● **Collected data**:
****

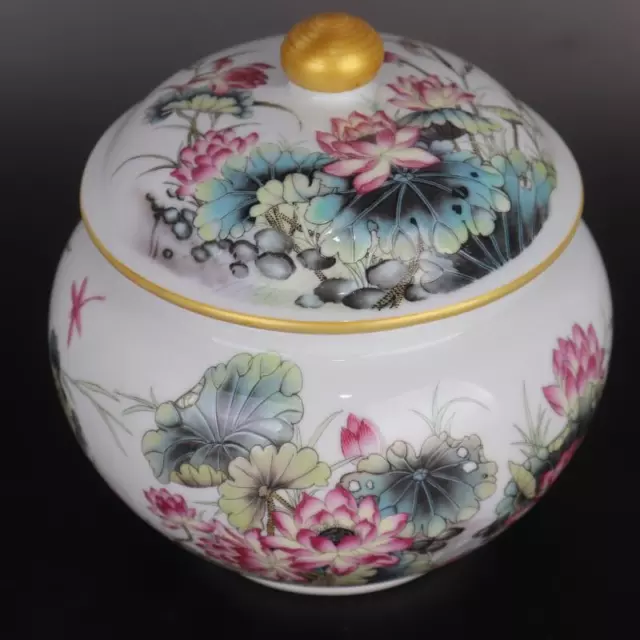 China Qing Qianlong Famille Rose Porcelain Lotus Pattern Pot Tea Caddy 6.9 inch 3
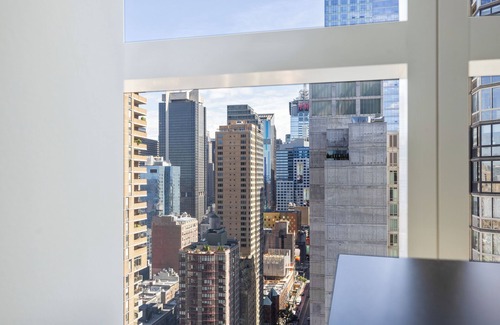 Midtown Condo | 5 Star Luxury 2-bedroom KING Beds condo with best views of Empire State Building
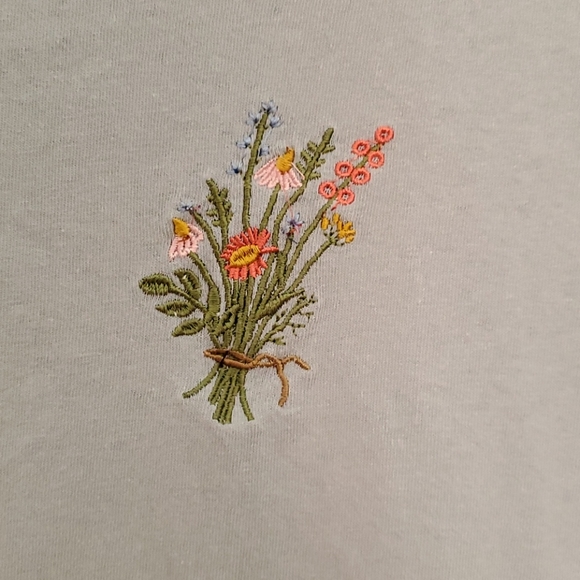 3/15$ Embroidered t-shirt - Picture 3 of 3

****

● **Task**: Take the line containing "Midtown Condo |" and every line after it up to the end of the data, and write them out exactly, without the pictures.

● **Expected answer**:
 Midtown Condo | 5 Star Luxury 2-bedroom KING Beds condo with best views of Empire State Building
 3/15$ Embroidered t-shirt - Picture 3 of 3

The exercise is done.